» What is being asked:
Set down exactly the lines from the first line of the records through the line that contains "Villa | 2 bedrooms, Internet", and leave every picture out.

____ Input for this task

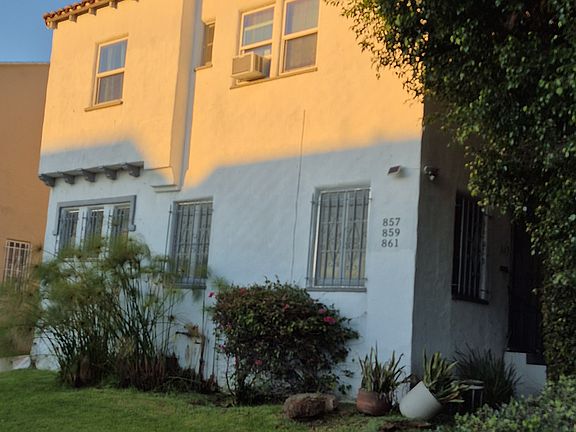 2nd image of 859 N Alexandria Ave #859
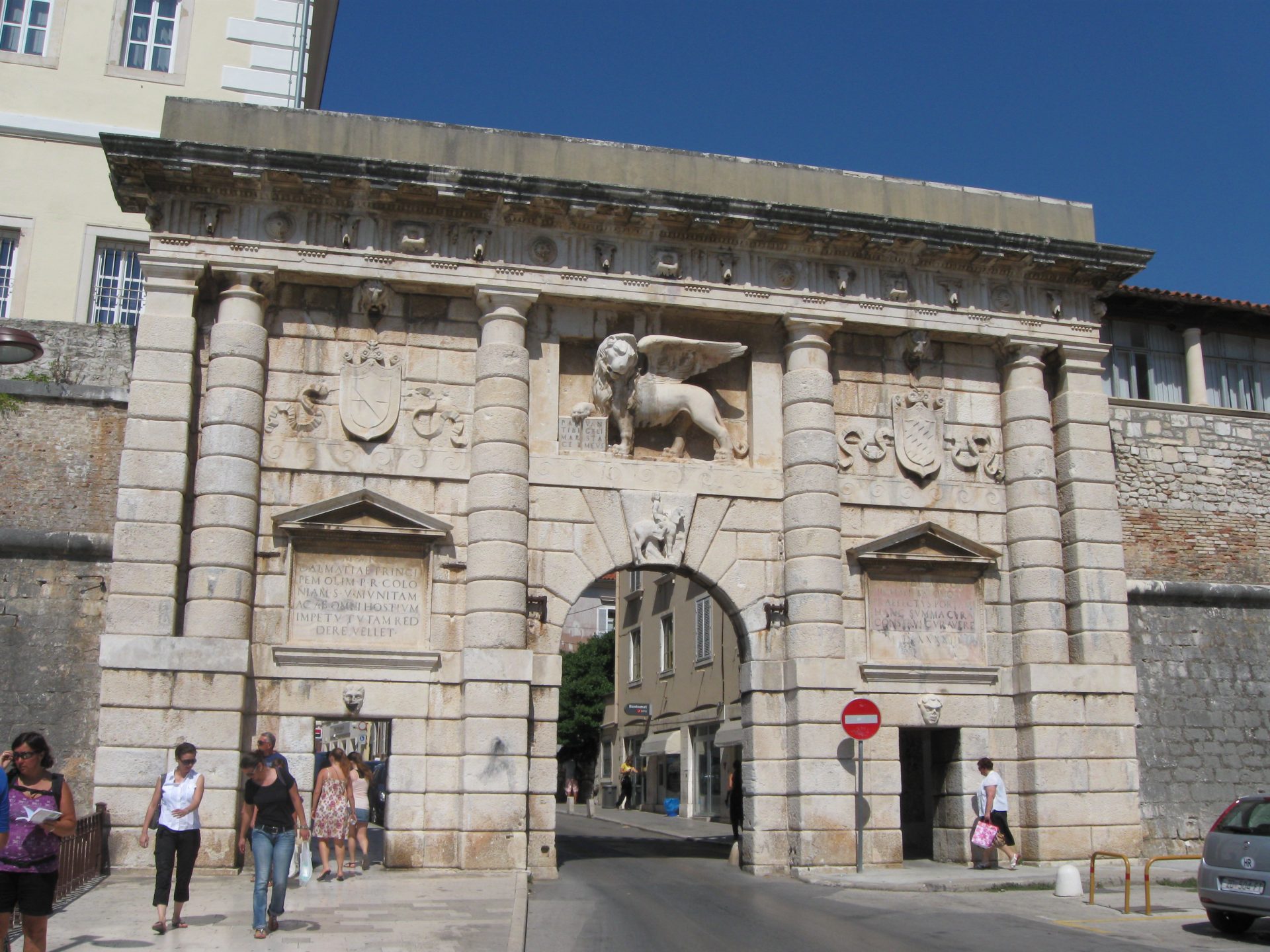 Venezianische Verteidigungsanlagen Porta Terraferma Zadar Das Landtor Porta Terraferma in Zadar mit Markuslöwe über dem Rundbogen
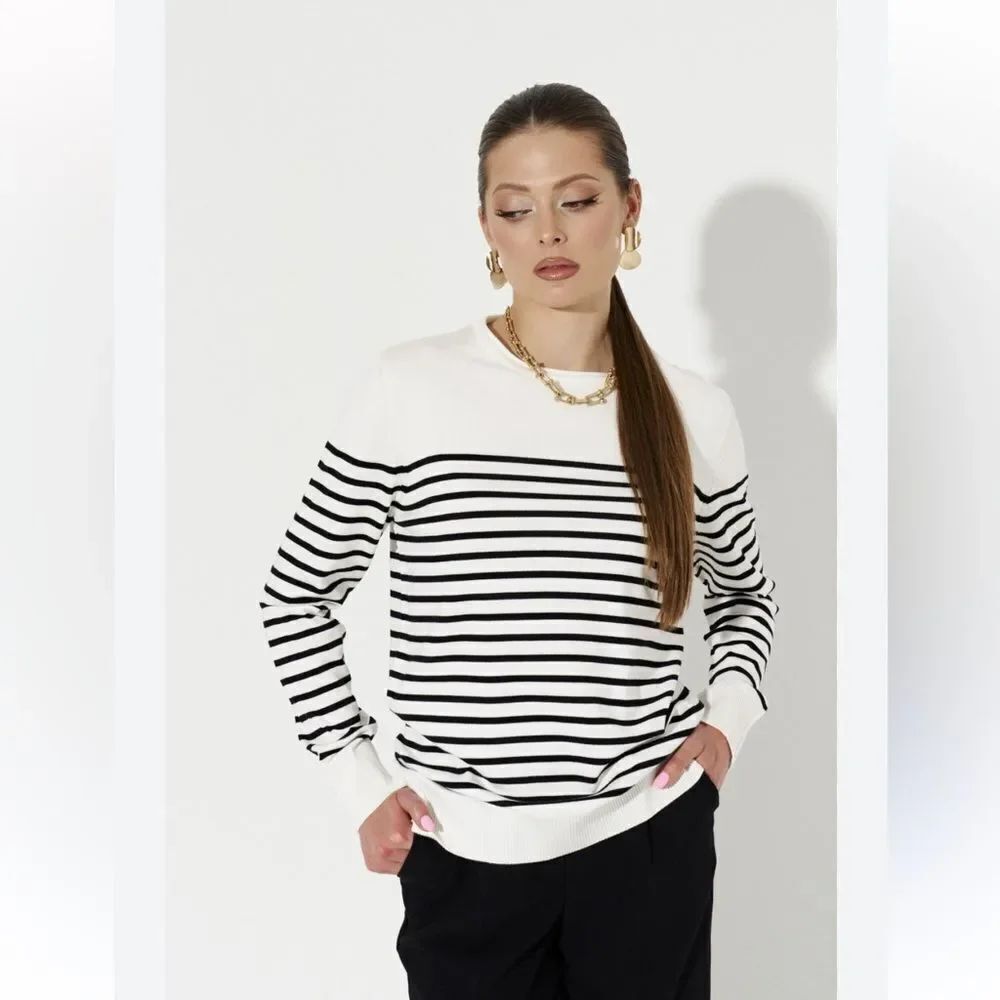 Suitsupply pure cotton Black and White Striped Sweater, M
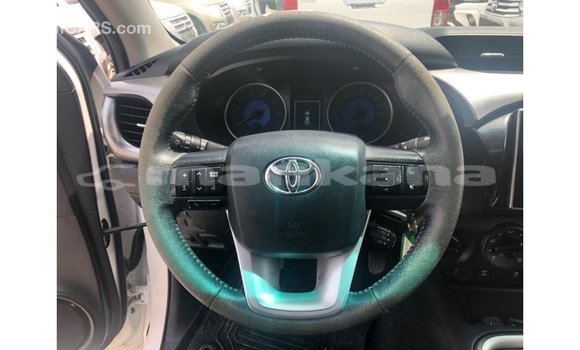 Buy Import Toyota Hilux White Car in Import - Dubai in Abhasia Buy Import Toyota Hilux White Car in Import - Dubai in Abhasia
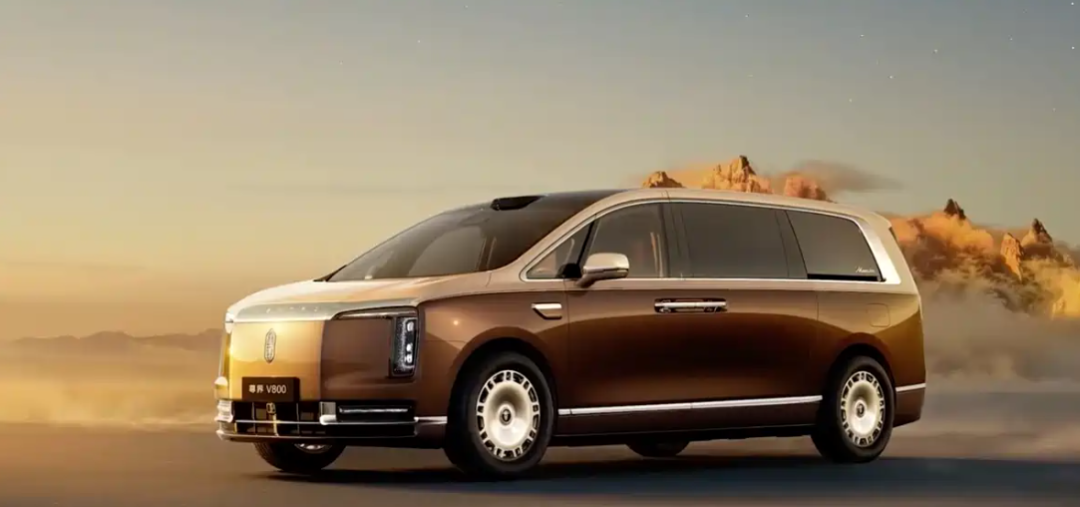 尊界V800官图正式发布 定位大型旗舰增程MPV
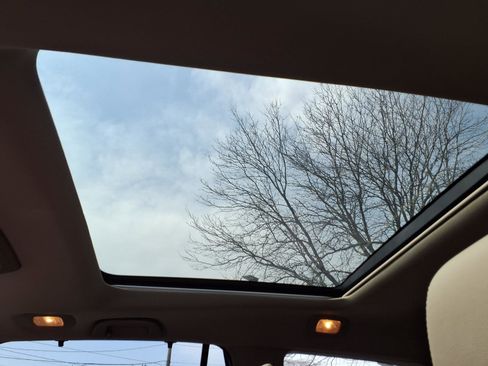 Used 2018 Honda Pilot Elite image 21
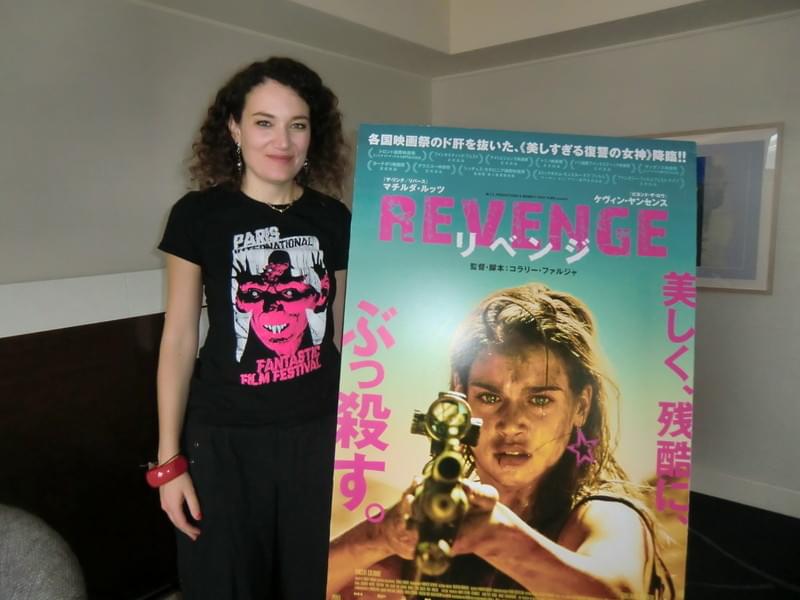 美女の復讐譚「REVENGE」監督、「屈辱を強いられた女性が自らの手で晴らす物語」
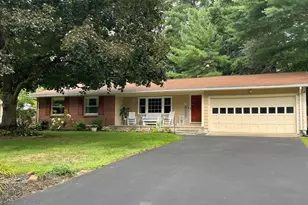 6 Meadowbrook Rd, Springfield, MA 01128 - Photo 1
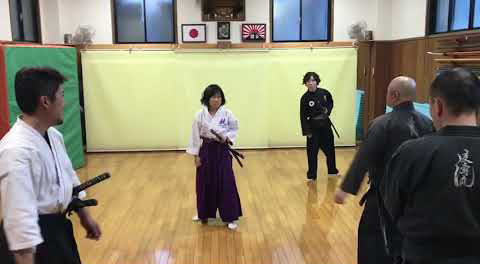 山崎和佳奈对吉水孝宏，图源青二Production油管频道
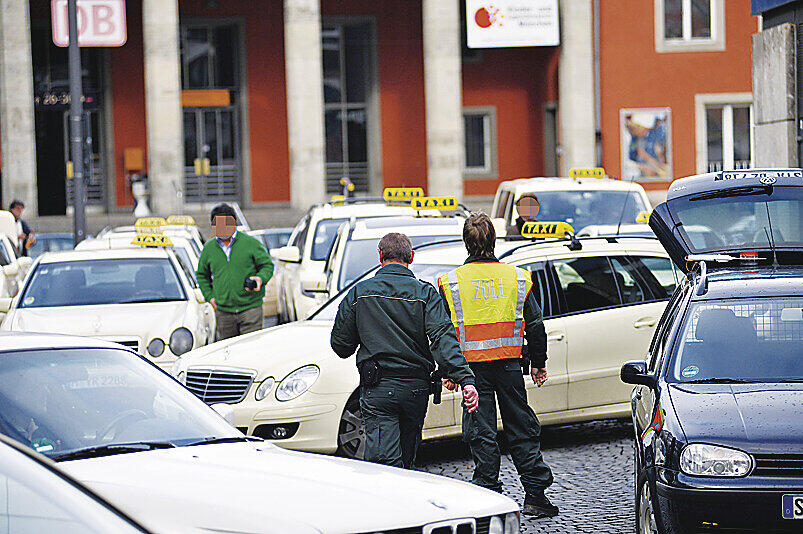 Münchner Zollbeamte kontrollieren in der Arnulfstraße am Hauptbahnhof einen Taxistand.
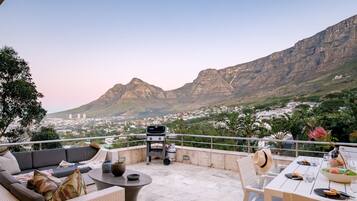 Villa | 2 bedrooms, Internet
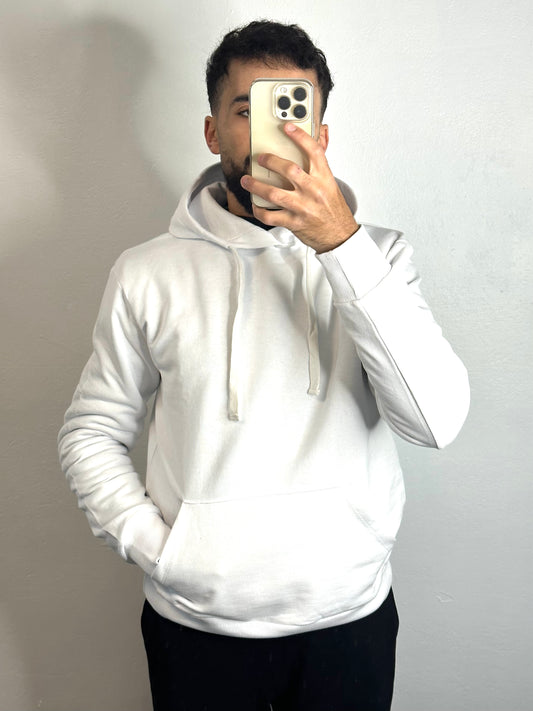 Sweat à capuche blanc, fraîcheur et simplicité pour un look urbain.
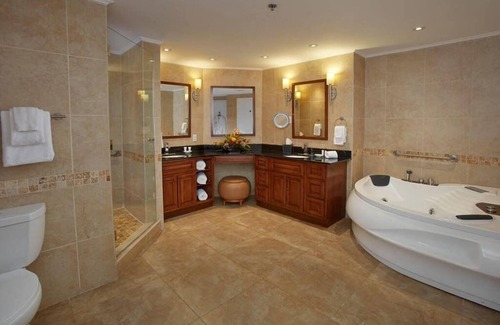 Palm Beach Resort | Divi Aruba Phoenix Beach Resort & Spa, Hot Tub RW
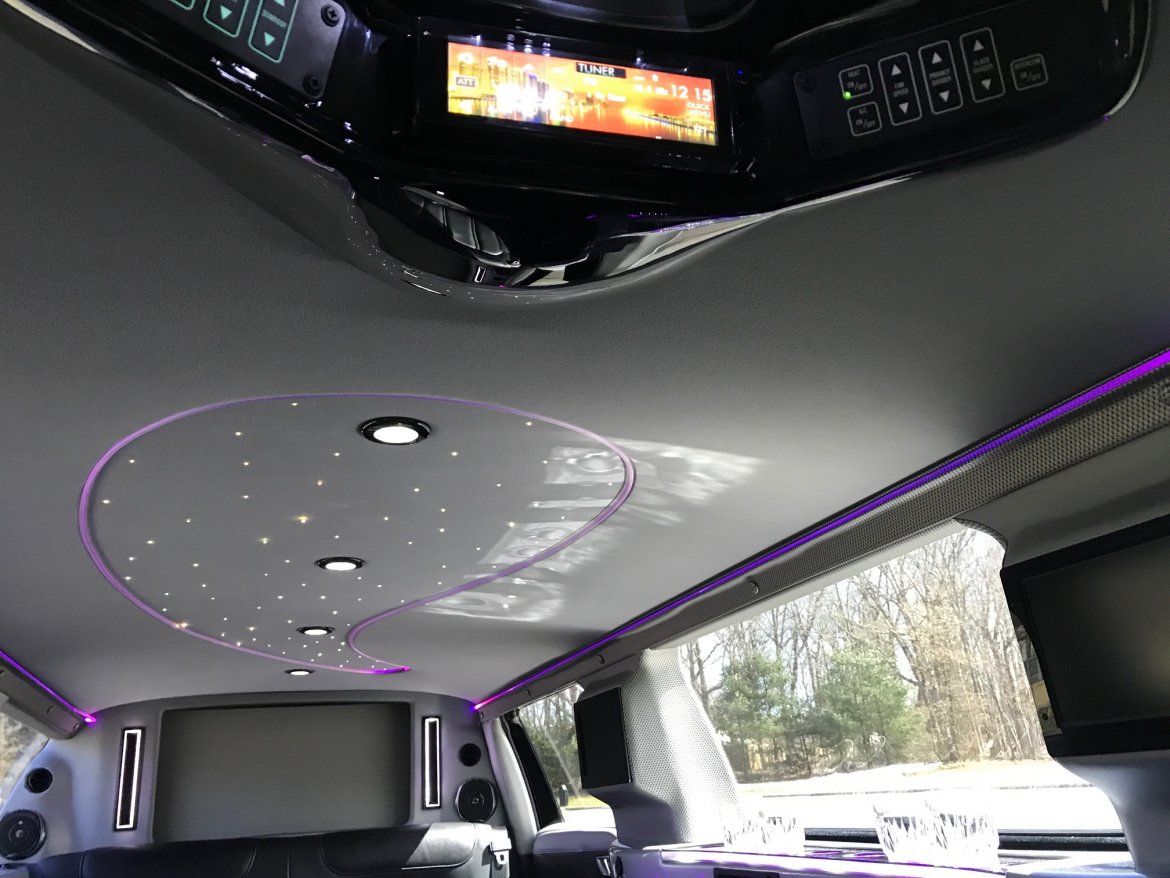 Limousine for Sale in Fontana, CA - Photo 9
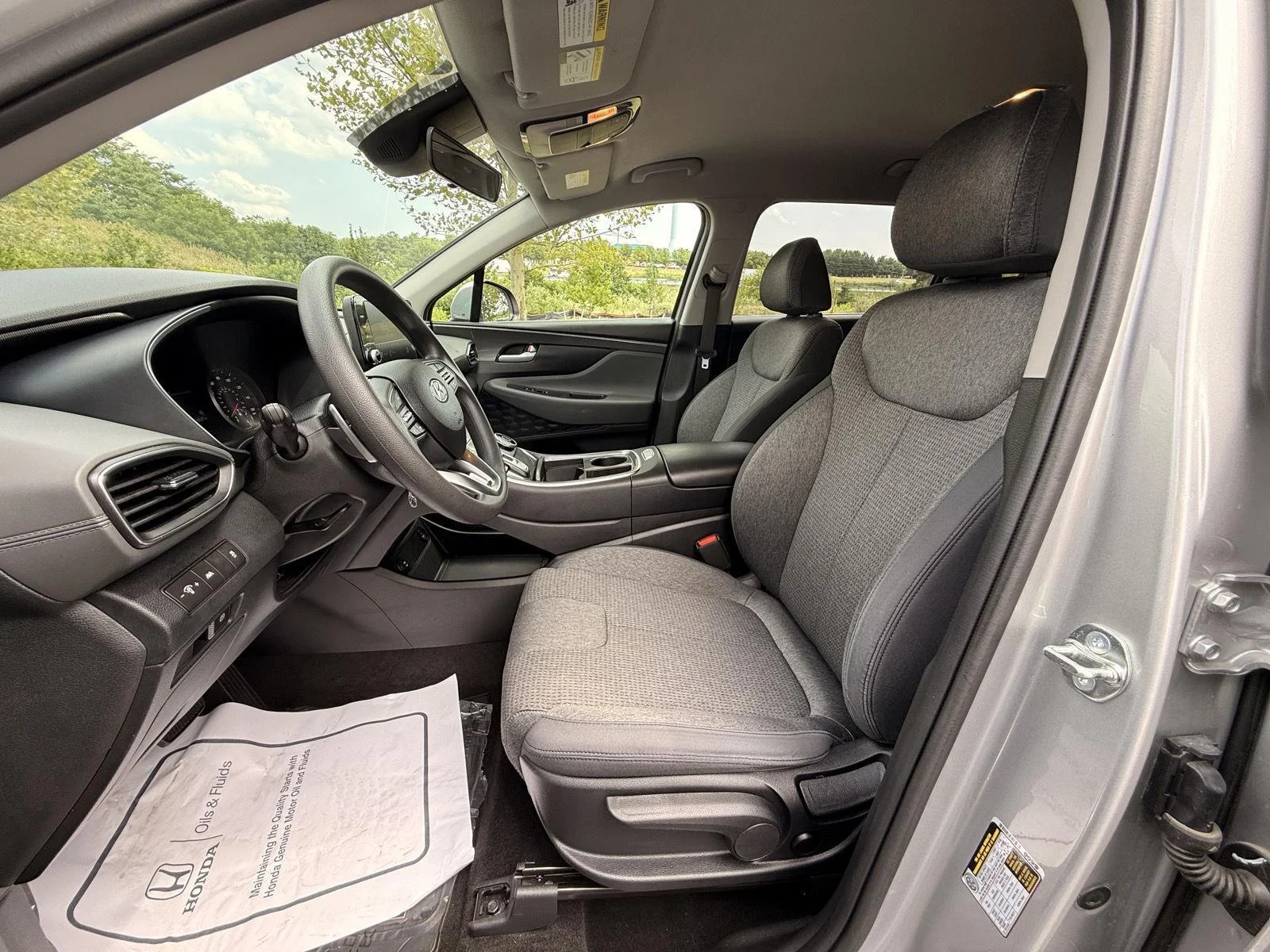 Used 2023 Shimmering Silver Hyundai SE image 14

________

» Solution for this problem:
 2nd image of 859 N Alexandria Ave #859
 Venezianische Verteidigungsanlagen Porta Terraferma Zadar Das Landtor Porta Terraferma in Zadar mit Markuslöwe über dem Rundbogen
 Suitsupply pure cotton Black and White Striped Sweater, M
 Buy Import Toyota Hilux White Car in Import - Dubai in Abhasia Buy Import Toyota Hilux White Car in Import - Dubai in Abhasia
 尊界V800官图正式发布 定位大型旗舰增程MPV
 Used 2018 Honda Pilot Elite image 21
 美女の復讐譚「REVENGE」監督、「屈辱を強いられた女性が自らの手で晴らす物語」
 6 Meadowbrook Rd, Springfield, MA 01128 - Photo 1
 山崎和佳奈对吉水孝宏，图源青二Production油管频道
 Münchner Zollbeamte kontrollieren in der Arnulfstraße am Hauptbahnhof einen Taxistand.
 Villa | 2 bedrooms, Internet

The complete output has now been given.